• [What is being asked]
When you repeat the entries below, keep each word exactly as it is and drop the pictures.

BEGIN The data

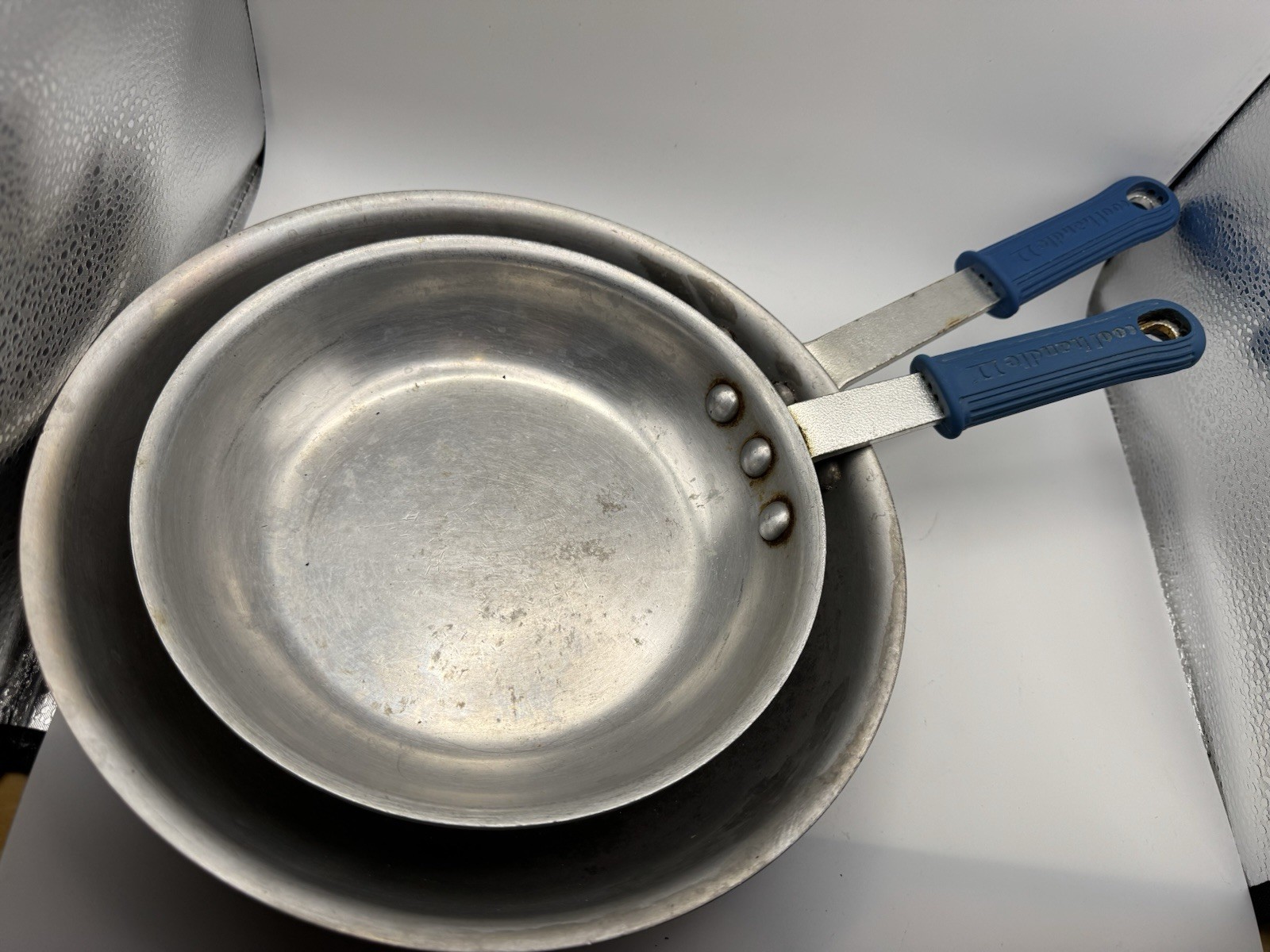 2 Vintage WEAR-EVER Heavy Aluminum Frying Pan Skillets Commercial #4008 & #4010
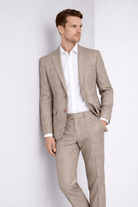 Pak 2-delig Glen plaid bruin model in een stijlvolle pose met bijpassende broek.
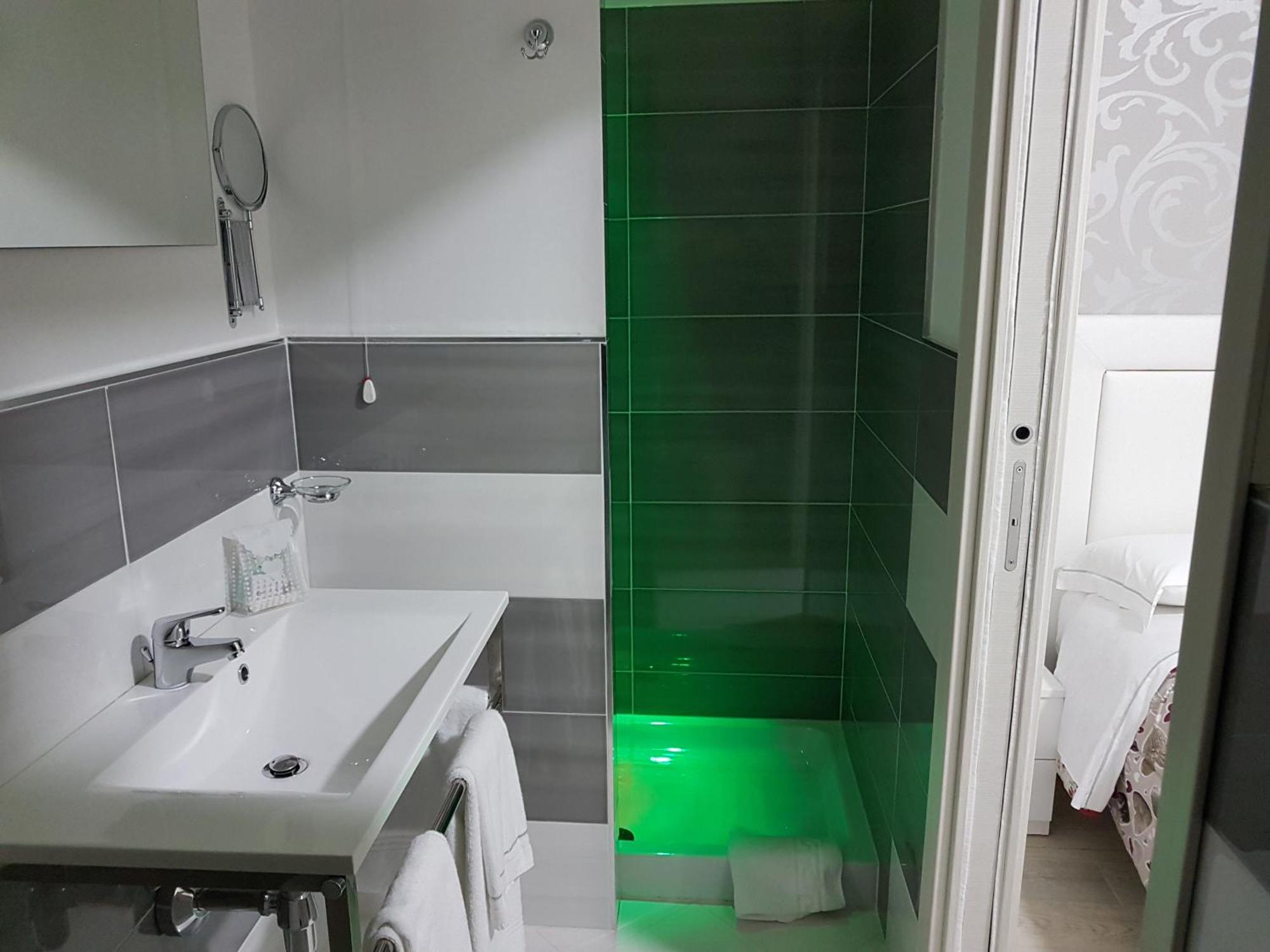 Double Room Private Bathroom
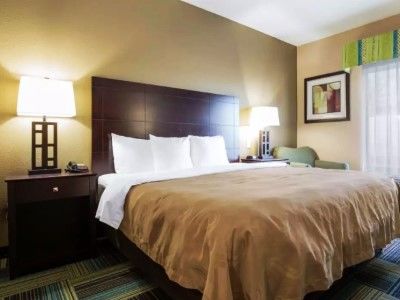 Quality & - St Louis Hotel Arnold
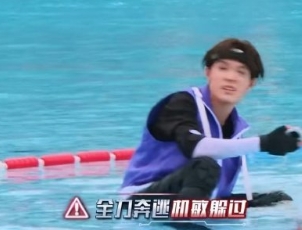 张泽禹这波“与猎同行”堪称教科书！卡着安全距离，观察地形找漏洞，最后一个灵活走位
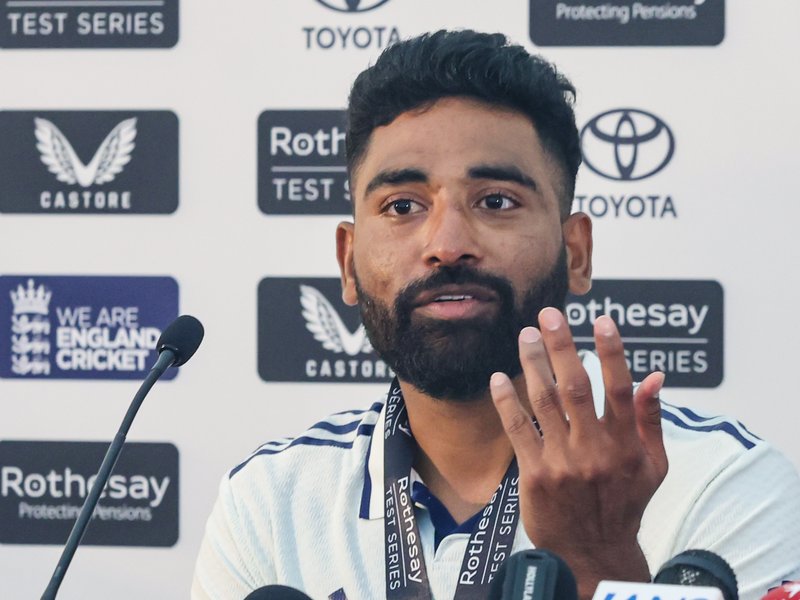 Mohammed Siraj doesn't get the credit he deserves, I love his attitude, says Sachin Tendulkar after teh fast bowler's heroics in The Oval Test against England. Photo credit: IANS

END The data

• [Reply]
 2 Vintage WEAR-EVER Heavy Aluminum Frying Pan Skillets Commercial #4008 & #4010
 Pak 2-delig Glen plaid bruin model in een stijlvolle pose met bijpassende broek.
 Double Room Private Bathroom
 Quality & - St Louis Hotel Arnold
 张泽禹这波“与猎同行”堪称教科书！卡着安全距离，观察地形找漏洞，最后一个灵活走位
 Mohammed Siraj doesn't get the credit he deserves, I love his attitude, says Sachin Tendulkar after teh fast bowler's heroics in The Oval Test against England. Photo credit: IANS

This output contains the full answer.